“THAT woman . . . is a woman!” So declares the shocked Sir Edmund Tilney at the sight of a woman playing a female role in a Shakespeare play (Shakespeare in Love). We may be familiar with the idea that men or boys played women’s roles in Elizabethan drama, and we might assume that this was also the case in previous centuries — especially, you might think, in the Middle Ages.
Not so, however: recent research has discovered that women, particularly nuns, were involved in the production and performance of many kinds of medieval drama. A forthcoming production of a medieval liturgical drama, in New College chapel, Oxford, will attempt to give us a better understanding of the sights and sounds of late-medieval drama; and even, perhaps, an opportunity to learn from our medieval ancestors the many colourful and stimulating ways by which this kind of experience might help us to engage with the gospel.
A NEW project on medieval convent drama (http://medievalconventdrama.org) has found a surprisingly large and detailed amount of evidence for female involvement in drama from convents in what are now France and Belgium. Although the Dissolution destroyed many monastic and conventual documents, there is even reference to convent drama in England, notably at Barking Abbey.
As most of the dramatised stories were biblical, the project seeks to discover how women in these communities approached the stories; what manner of productions were laid on; what the devotional or educational aspirations were for the plays; who the audience may have been; and whether the liturgy and music within the drama had any specific impact or aims.
In some cases, male roles were also taken by women, giving a complete reversal of what, many years later, became the Shakespearean norm.
REFERENCES also survive of female performance outside the convent, including women singing in the Coventry Innocents play (c.1500), and the singing and dancing of a group of “Virgins” in the Candlemas and Killing of the Children plays in the Digby manuscript (c.1512) .
These “Digby plays”, although not convent dramas in themselves, are being staged in a new production in New College chapel, Oxford, on 8 February, shortly after the feast of Candlemas, and will bring to life the biblical, liturgical, and musical drama of late-medieval England.
The director of the play (and project leader of the Medieval Convent Drama project), Professor Elisabeth Dutton, of Fribourg University, Switzerland, intends to use young female performers as the singing and dancing virgins of the medieval script; and also to have some older girls playing some of the speaking and dancing roles.

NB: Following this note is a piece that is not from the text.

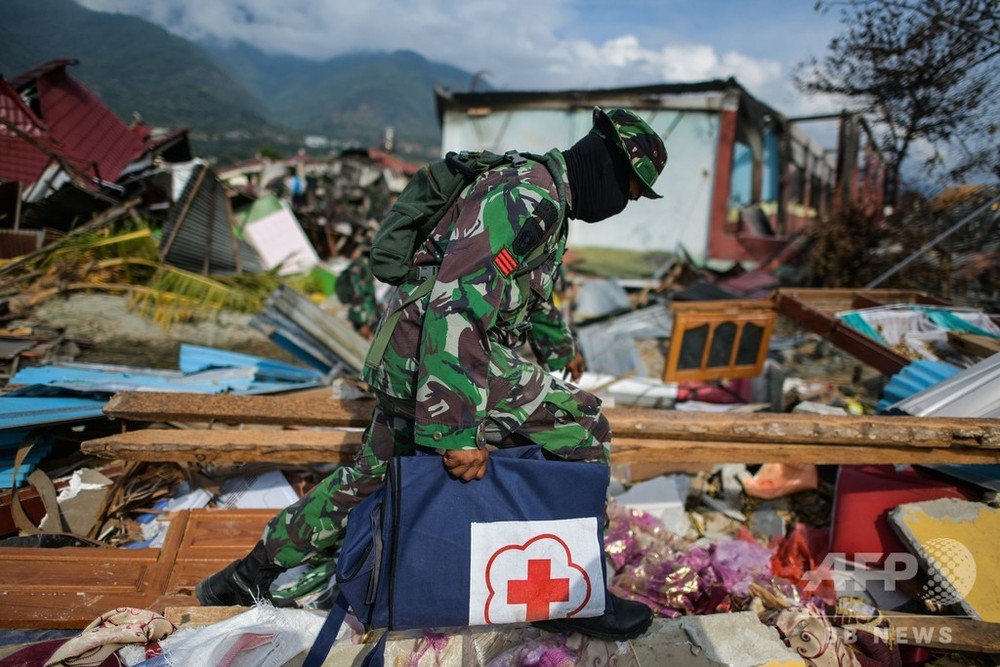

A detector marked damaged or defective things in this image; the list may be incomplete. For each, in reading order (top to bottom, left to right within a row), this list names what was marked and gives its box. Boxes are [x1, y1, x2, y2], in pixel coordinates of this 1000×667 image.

broken wooden beam [84, 428, 1000, 464]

These female parts will be taken by members of the recently formed Frideswide Voices: the first liturgical girl-choristers’ choir to be founded in Oxford. Established in 2014, the choir promotes opportunities for girls, aged between seven and 14, to sing within the liturgy in Oxford college chapels. Through weekly rehearsals and services, girls gain a rounded choral education singing Anglican repertoire.
Frideswide Voices are “in residence” this academic year at Christ Church Cathedral (Michaelmas Term, 2016), New College (Hilary Term, 2017), and at Magdalen College (Trinity Term, 2017), and have also sung at Exeter, Jesus, Oriel, Queen’s, and Worcester colleges, besides St George’s chapel, Windsor Castle; Salisbury Cathedral; and (soon) St Paul’s Cathedral.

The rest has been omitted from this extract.